FATTORI RELAZIONALI E PSICOLOGICI DELLA SESSUALITA’

LO SVILUPPO PSICOSESSUALE

A differenza di quanto avviene nel mondo animale, dove il comportamento sessuale è qualcosa di meramente istintivo e dipende appunto da cicli biologici, nell’uomo i fattori ambientali e psicologici hanno la preminenza.
Attraverso una visione che tenga conto della persona nel suo insieme, sia nelle sue componenti fisiologiche, sia in quelle psicologiche, poteremmo considerare la sessualità, non solo come un programma di accoppiamento finalizzato alla riproduzione, ma anche come un “programma biologico orientato a favorire la costituzione ed il mantenimento dei legami di coppia” (In Bara – “Manuale di psicoterapia cognitiva.” Bollati Boringhieri. Torino).

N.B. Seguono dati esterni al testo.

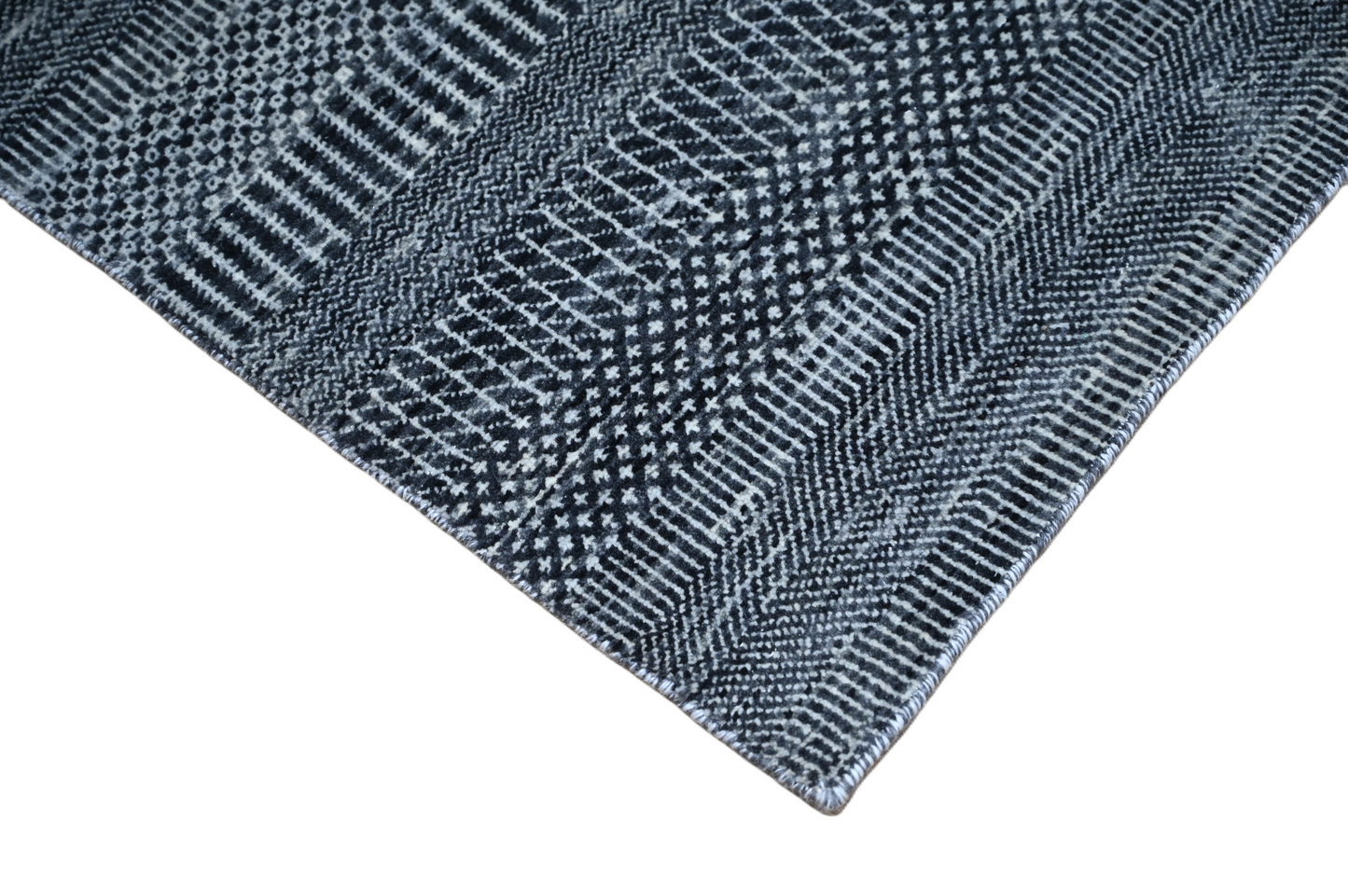 Hand knotted Scandinavian texture design, pure wool art silk 274 x183 cm | Rug# 31570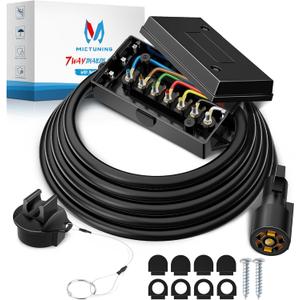 MICTUNING Heavy Duty 7 Way Plug Inline Trailer Cord with 7 Gang Junction Box 8 Feet, Weatherproof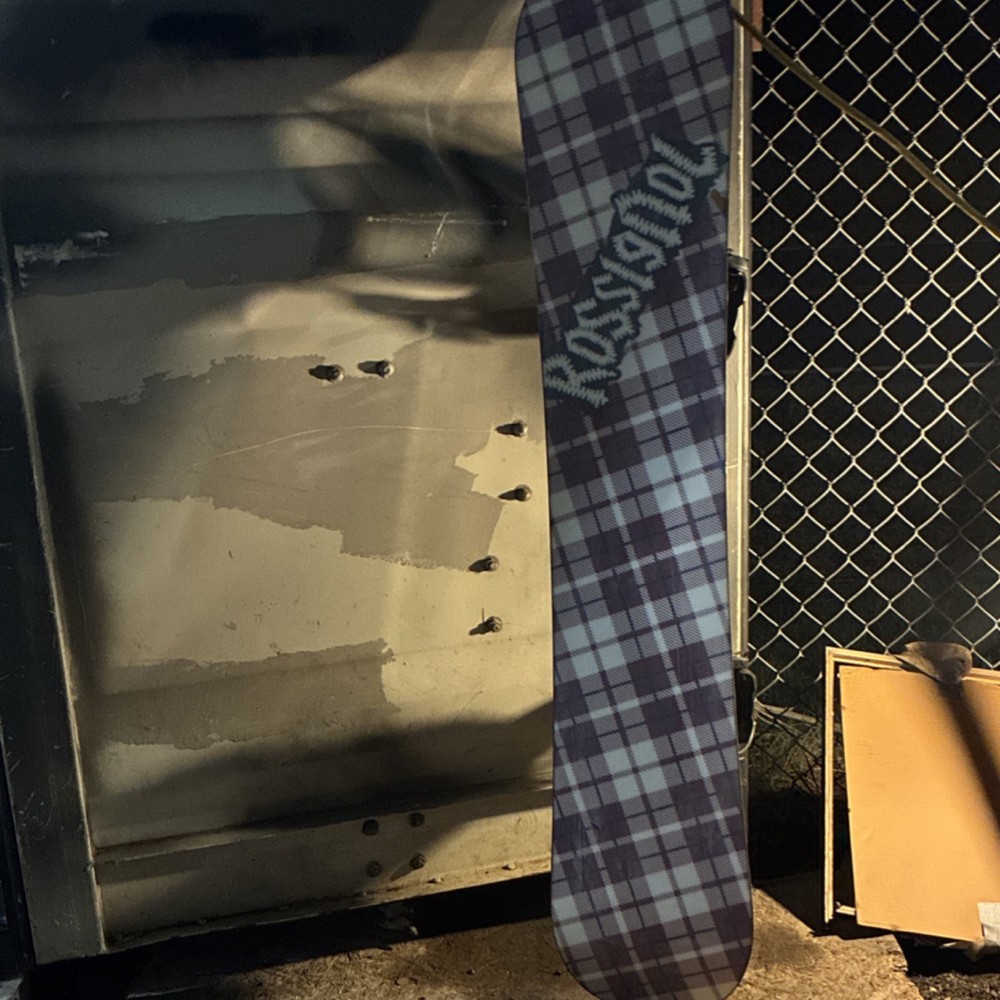 Rossignol Spirit Snowboard with Bindings Black Gray Red Plaid Pattern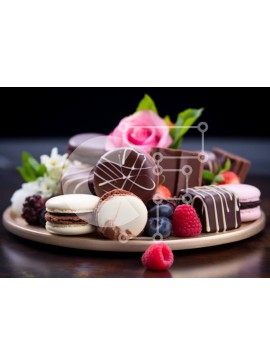 Σετ των 2 Intra Συλλεκτικό Ξύλινο Παζλ Plywood  4mm - Διάφορα επιδόρπια στο πιάτο Σε Ξύλινο Κουτί - Διαστάσεις: 10x10 cm – 25 κομμάτια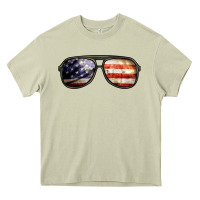 Mossy amerıcan flag glasses Heavy Core Tee - BarkalooDesign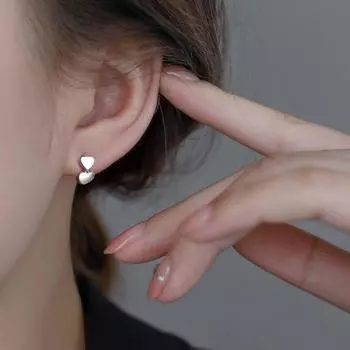 Серьги-гвоздики в форме сердца из чистого серебра S999, женские, холодный ветер, Doppel Herz Arc, особые серьги, милые, девичьи, стильные серьги
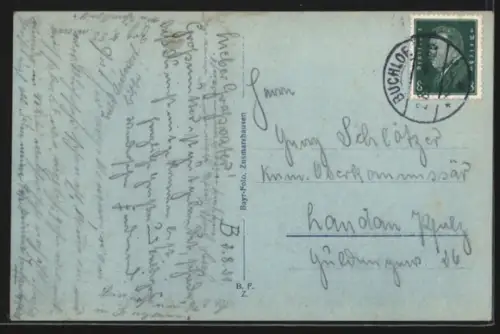 AK Buchloe, Rathaus mit Strassenpartie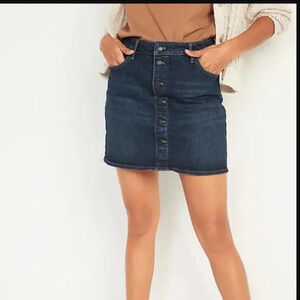 Gap High-Waisted Button-Front Mini Jean Skirt, Color Scottie Size 29T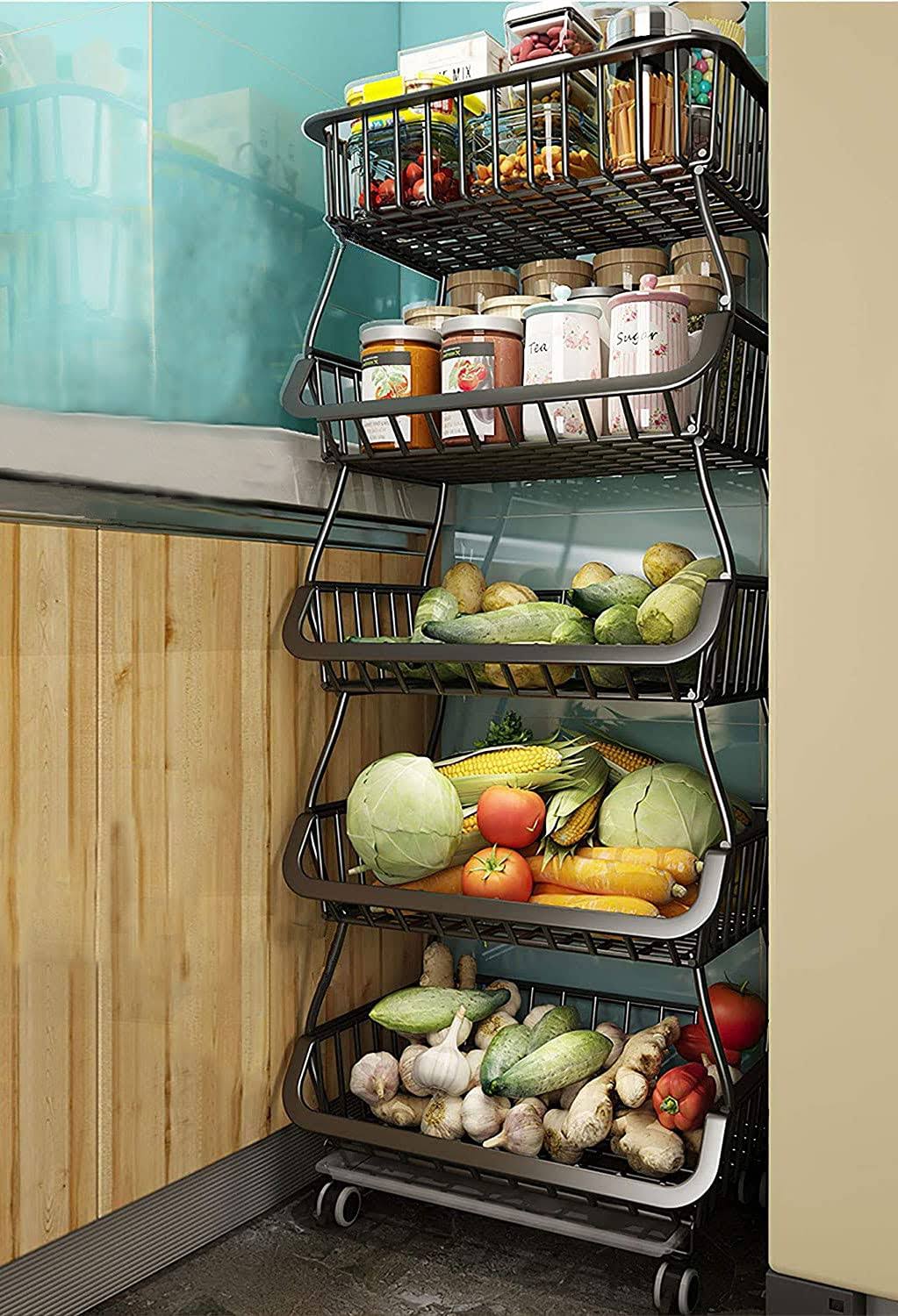 Storage Basket Wheels Stackable Utility Cart Vegetable Basket For Kitchen Pantry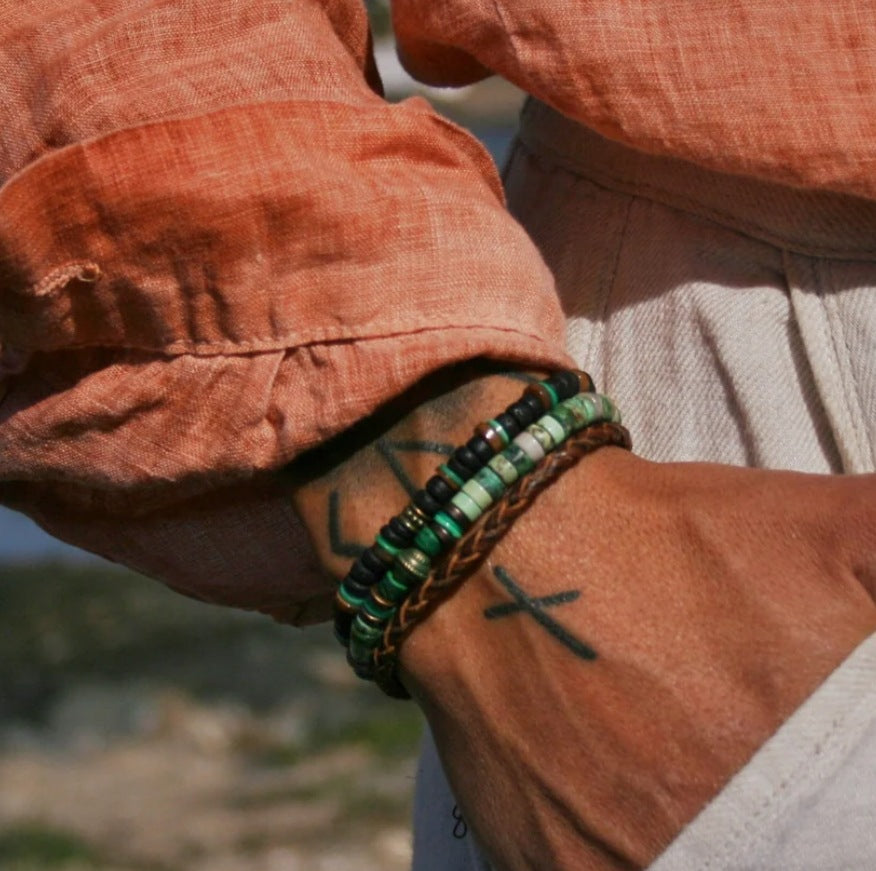 Handmade Turquoise Leather Bracelet Set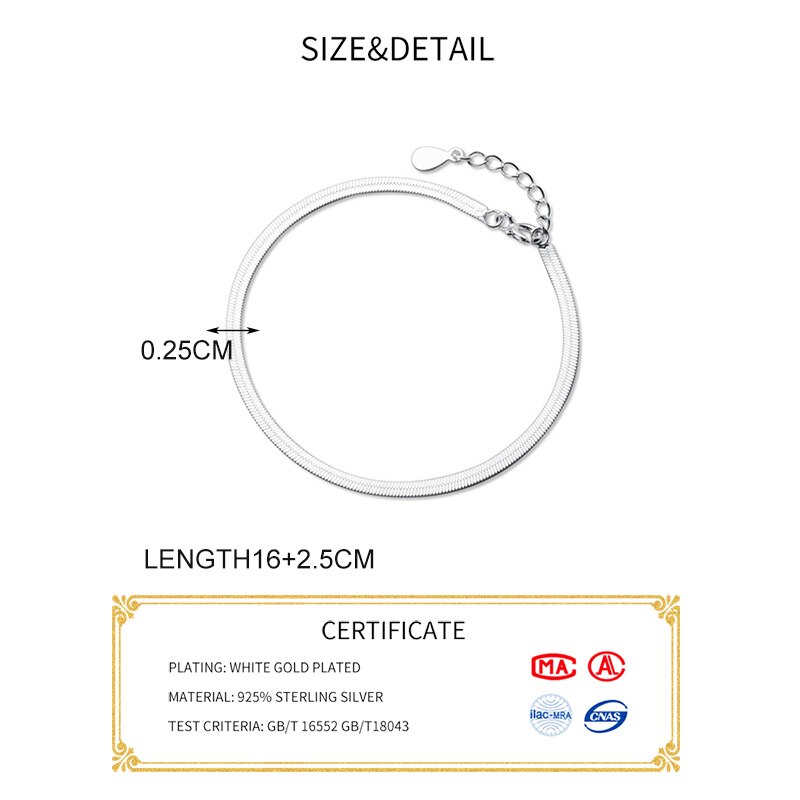 Inzatt Echt 925 Sterling Zilveren Geometrische Armband Voor Mode Vrouwen Party Hiphop Fijne Sieraden Minimalistische Accessoires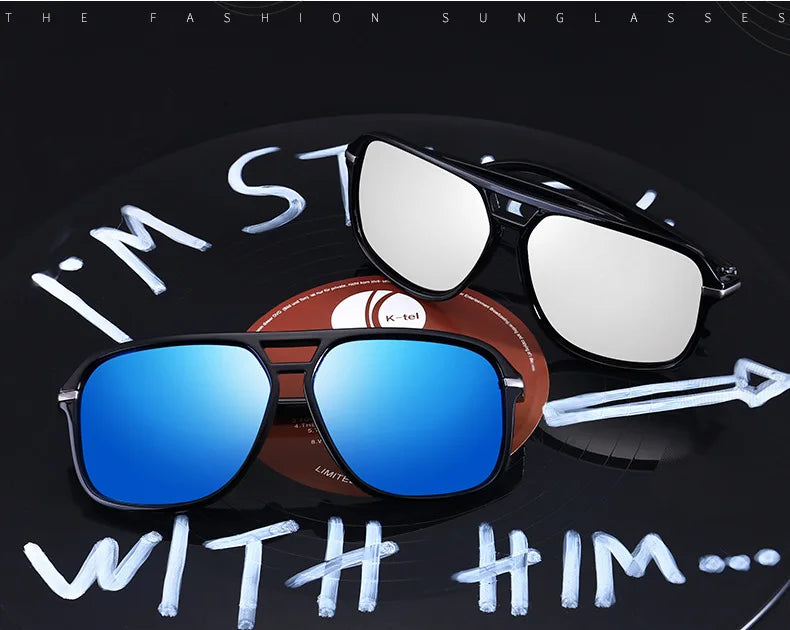 Polarized Sunglasses Men Fashion Double Bridge Square Frame Sun Glasses Brand Designer Unisex Driving Goggles Gafas De Sol UV400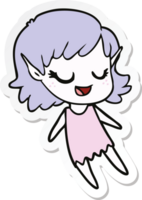 pegatina de una niña elfa feliz de dibujos animados png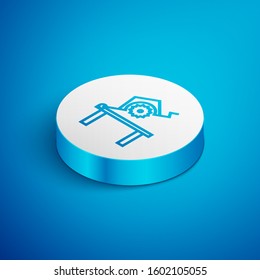 Isometric line Table saw for woodwork icon isolated on blue background. Power saw bench. White circle button. Vector Illustration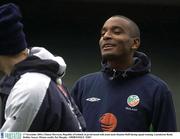 17 November 2003; Clinton Morrison, Republic of Ireland, in jovial mood with team-mate Damien Duff during squad training. Lansdowne Road, Dublin. Soccer. Picture credit; Pat Murphy / SPORTSFILE *EDI*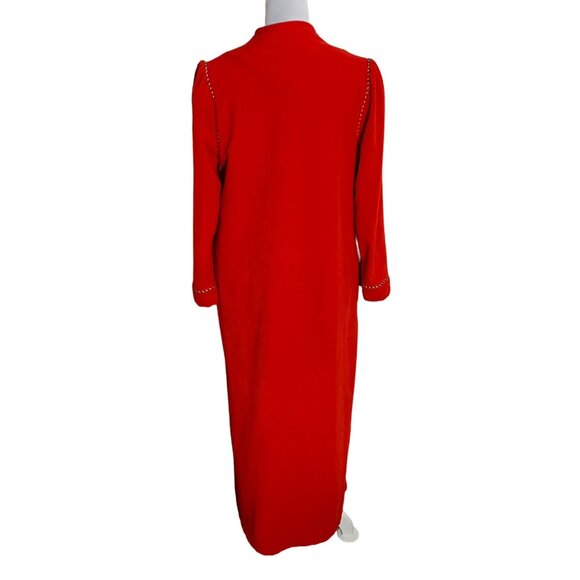 Vanity Fair Red Maxi Robe Size M Long Sleeve Tassel Zipper Cozy Loungewear USA - Picture 2 of 14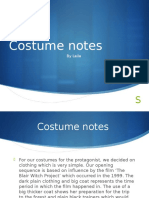 Costumes Notes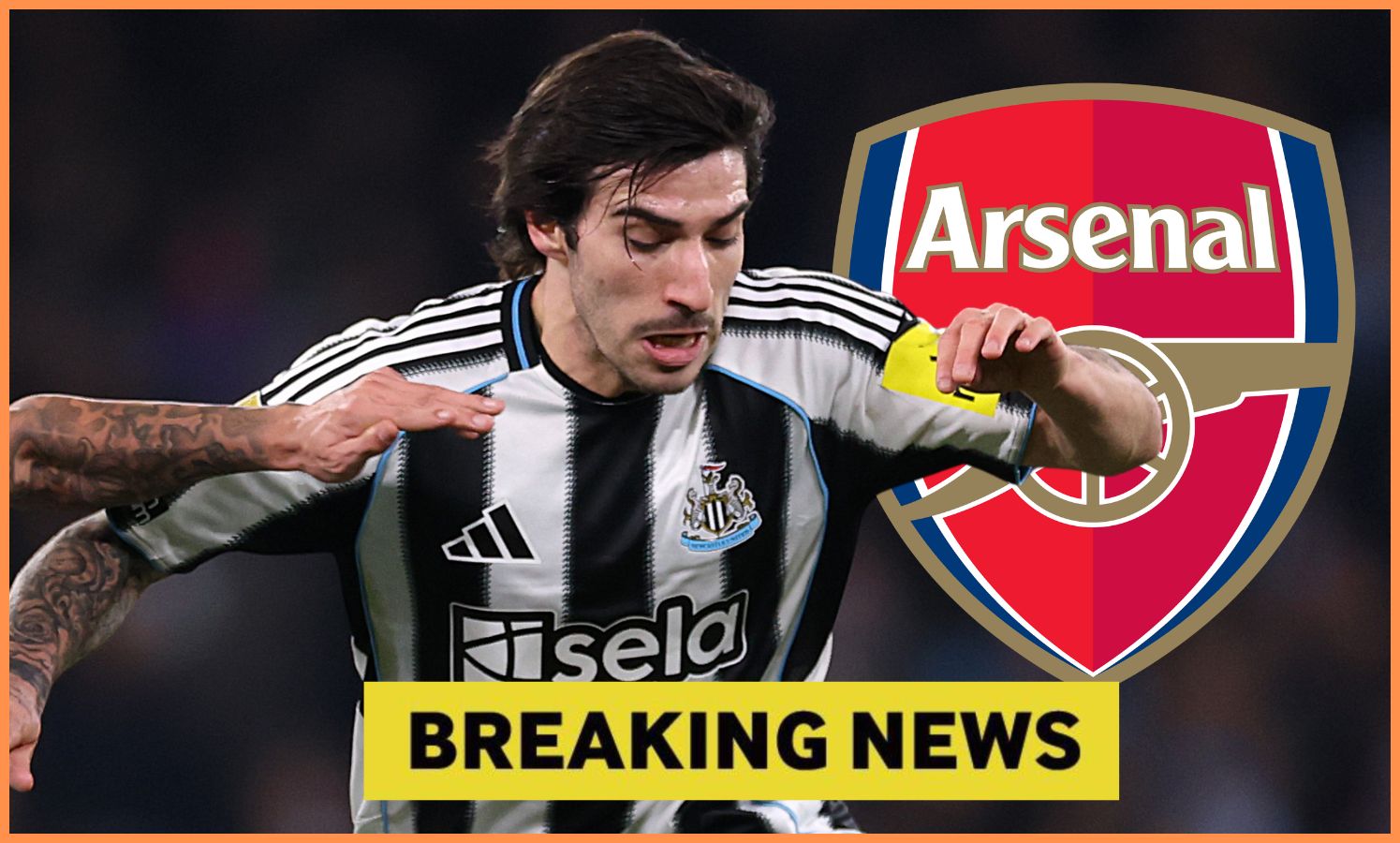 Sandro Tonali in action for Newcastle, and 'breaking news' banner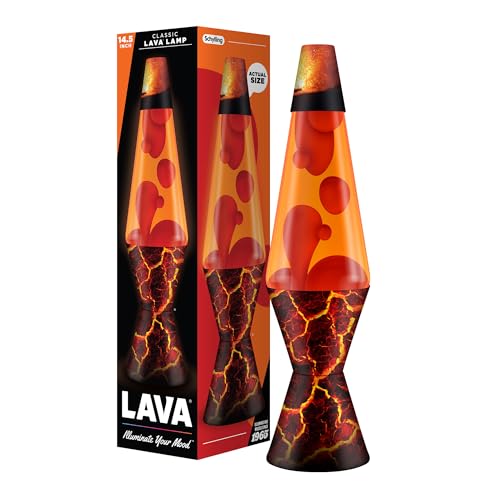 14.5-Inch Classic Lava® Lamp - Red Wax & Orange Liquid Motion Night Light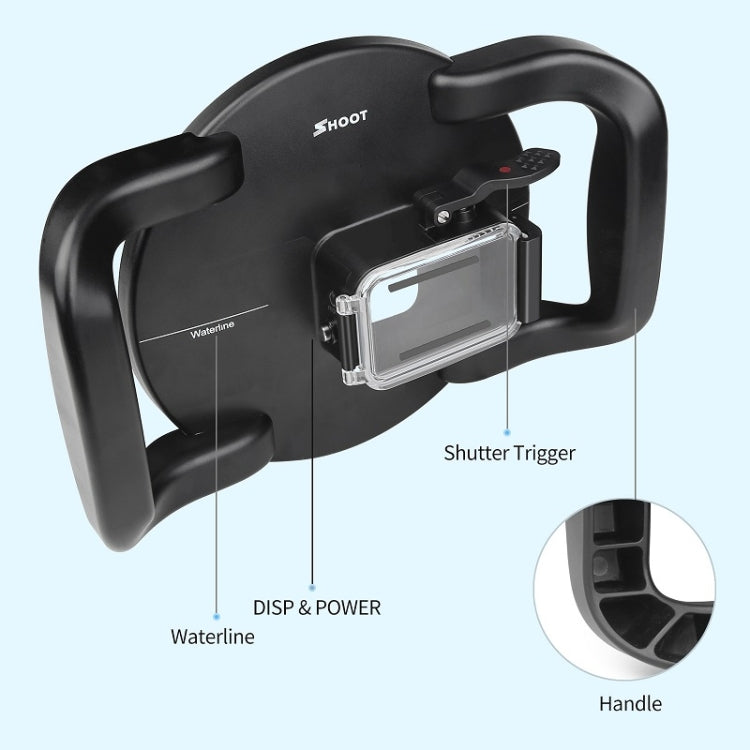 غطاء شفاف لعدسة كاميرا SHOOT XTGP559 Dome Port للغوص تحت الماء لكاميرا GoPro HERO9 باللون الأسود، لكاميرا GoPro HERO9 باللون الأسود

In questa impostazione il sesso verrebbe studiato dal punto di vista “relazionale”, cioè come uno dei possibili modi per incontrarsi con un’altra persona, fare conoscenza attraverso una modalità ricca e complessa che prevede l’attivazione del sistema biologico, cognitivo, emozionale e comportamentale dell’individuo.

La “relazione di attaccamento” è appunto una peculiarità del tutto umana che l’individuo sperimenta per tutto il corso della sua vita; in particolare è la relazione “madre – bambino”, come la psicoanalisi ha messo in luce, quella che in grado di condizionare tutto lo sviluppo psicosessuale del soggetto.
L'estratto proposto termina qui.